### Problem requirements:
Search the listing for the word "comfort" and return each line that contains it.
========================================
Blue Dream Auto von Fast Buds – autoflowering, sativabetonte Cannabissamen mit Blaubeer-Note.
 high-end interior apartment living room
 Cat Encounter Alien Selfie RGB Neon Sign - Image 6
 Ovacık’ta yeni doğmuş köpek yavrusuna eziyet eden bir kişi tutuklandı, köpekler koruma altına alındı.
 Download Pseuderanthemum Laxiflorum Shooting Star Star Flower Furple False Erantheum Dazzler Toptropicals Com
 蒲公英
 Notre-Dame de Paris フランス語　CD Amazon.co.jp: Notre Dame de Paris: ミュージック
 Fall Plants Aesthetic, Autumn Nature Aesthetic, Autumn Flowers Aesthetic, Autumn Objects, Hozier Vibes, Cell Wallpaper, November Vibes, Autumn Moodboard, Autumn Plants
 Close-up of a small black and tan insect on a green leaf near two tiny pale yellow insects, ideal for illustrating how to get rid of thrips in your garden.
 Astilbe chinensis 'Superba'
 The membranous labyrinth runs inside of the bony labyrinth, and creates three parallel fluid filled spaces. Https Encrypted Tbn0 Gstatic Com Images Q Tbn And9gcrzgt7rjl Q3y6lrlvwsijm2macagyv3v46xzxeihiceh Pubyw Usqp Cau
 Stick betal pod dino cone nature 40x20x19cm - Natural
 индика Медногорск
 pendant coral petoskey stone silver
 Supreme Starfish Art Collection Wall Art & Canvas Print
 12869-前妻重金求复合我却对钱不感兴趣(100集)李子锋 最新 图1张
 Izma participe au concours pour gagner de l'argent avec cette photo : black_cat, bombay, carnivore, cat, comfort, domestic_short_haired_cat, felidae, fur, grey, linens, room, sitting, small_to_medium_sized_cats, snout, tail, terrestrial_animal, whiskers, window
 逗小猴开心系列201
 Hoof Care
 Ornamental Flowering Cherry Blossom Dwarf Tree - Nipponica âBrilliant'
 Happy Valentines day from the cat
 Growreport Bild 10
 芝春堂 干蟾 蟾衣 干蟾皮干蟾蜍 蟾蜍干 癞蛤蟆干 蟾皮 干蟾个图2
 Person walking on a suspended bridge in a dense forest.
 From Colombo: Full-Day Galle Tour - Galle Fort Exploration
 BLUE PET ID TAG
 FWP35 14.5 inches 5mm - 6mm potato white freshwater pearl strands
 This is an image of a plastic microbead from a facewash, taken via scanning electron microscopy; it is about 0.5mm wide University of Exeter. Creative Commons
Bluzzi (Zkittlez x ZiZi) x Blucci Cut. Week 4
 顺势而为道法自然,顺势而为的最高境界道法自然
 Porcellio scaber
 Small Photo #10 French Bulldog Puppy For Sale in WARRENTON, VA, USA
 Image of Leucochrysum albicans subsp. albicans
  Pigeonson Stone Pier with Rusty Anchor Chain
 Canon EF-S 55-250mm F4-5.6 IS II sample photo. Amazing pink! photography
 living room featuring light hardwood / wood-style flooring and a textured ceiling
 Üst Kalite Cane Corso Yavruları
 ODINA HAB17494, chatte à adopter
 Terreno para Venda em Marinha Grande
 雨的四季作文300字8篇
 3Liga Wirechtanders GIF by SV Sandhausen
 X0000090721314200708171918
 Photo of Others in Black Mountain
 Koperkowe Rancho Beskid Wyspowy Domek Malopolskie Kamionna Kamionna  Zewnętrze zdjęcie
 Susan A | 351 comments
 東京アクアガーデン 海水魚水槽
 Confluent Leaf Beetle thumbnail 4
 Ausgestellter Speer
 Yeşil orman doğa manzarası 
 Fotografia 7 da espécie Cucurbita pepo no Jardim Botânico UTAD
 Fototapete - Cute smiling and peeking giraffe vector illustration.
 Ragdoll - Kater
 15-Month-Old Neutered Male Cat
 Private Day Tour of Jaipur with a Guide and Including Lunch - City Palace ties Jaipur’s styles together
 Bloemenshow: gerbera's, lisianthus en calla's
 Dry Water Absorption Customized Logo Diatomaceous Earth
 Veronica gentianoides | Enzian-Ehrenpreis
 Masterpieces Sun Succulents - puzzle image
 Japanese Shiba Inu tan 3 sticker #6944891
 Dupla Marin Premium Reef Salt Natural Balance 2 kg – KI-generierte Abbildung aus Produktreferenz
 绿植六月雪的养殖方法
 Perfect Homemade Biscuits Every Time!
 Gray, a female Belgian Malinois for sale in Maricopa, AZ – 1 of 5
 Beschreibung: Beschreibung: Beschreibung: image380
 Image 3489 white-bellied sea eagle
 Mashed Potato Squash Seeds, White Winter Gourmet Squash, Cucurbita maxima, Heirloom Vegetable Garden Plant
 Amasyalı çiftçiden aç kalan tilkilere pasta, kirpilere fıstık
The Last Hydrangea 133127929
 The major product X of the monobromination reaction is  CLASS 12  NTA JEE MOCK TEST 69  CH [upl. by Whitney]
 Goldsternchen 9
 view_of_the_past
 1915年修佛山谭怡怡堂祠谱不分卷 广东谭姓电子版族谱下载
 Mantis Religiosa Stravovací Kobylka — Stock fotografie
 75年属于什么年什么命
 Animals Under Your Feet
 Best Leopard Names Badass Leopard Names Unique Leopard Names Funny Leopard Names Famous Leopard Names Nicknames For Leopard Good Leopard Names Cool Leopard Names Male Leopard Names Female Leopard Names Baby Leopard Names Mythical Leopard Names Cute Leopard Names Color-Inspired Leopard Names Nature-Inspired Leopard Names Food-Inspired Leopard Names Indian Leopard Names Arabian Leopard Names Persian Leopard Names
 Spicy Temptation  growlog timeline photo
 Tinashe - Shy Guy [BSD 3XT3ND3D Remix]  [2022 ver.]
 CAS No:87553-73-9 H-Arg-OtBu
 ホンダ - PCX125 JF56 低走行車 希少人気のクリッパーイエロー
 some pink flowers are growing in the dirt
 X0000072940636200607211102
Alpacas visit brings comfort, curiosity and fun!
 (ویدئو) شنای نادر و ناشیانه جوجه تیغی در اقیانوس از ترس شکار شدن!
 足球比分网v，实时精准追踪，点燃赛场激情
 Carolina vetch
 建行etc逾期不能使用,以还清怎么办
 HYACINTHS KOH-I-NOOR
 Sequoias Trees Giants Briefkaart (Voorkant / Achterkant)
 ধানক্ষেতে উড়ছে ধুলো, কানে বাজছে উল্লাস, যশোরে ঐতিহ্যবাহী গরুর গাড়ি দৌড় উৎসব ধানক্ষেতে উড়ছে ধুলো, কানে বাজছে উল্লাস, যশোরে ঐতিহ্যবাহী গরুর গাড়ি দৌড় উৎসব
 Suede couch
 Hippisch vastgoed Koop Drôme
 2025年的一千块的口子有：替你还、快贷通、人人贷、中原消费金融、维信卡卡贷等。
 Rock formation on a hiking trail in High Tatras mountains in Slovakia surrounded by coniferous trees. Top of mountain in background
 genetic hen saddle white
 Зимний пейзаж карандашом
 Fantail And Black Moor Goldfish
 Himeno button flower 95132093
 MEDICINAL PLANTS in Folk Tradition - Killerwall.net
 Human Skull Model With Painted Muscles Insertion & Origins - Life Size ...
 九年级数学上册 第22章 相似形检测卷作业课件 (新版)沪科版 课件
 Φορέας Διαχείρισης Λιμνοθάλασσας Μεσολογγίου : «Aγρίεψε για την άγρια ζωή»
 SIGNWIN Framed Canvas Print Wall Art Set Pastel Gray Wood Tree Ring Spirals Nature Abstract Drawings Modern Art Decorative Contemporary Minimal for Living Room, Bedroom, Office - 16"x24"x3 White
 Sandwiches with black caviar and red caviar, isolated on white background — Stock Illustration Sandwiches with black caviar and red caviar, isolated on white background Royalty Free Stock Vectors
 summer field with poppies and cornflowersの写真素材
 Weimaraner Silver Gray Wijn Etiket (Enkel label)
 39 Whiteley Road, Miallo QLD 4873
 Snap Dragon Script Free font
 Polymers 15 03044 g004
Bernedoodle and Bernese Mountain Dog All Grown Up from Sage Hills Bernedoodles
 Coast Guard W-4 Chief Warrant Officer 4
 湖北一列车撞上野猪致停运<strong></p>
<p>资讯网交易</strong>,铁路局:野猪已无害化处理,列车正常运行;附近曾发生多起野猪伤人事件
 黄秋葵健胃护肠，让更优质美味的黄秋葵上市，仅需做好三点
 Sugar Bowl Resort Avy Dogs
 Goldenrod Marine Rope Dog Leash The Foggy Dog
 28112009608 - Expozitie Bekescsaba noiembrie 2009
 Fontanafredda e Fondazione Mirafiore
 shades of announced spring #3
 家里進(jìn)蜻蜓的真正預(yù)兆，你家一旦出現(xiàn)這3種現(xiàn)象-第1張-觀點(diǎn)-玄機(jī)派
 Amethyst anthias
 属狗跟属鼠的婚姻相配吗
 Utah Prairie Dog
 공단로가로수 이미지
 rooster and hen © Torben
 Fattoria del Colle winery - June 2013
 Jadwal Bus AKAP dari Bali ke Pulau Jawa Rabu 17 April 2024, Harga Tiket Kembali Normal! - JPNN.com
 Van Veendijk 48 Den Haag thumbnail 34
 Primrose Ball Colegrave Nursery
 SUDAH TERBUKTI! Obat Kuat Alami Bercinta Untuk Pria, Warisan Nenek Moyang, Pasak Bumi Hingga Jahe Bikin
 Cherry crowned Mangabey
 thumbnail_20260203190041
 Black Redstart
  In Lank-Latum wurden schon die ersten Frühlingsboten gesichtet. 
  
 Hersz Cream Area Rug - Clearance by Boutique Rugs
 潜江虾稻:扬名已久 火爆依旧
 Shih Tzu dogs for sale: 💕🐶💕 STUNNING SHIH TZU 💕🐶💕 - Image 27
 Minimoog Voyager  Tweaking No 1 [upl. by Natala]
========================================
### Task response:
 Izma participe au concours pour gagner de l'argent avec cette photo : black_cat, bombay, carnivore, cat, comfort, domestic_short_haired_cat, felidae, fur, grey, linens, room, sitting, small_to_medium_sized_cats, snout, tail, terrestrial_animal, whiskers, window
Alpacas visit brings comfort, curiosity and fun!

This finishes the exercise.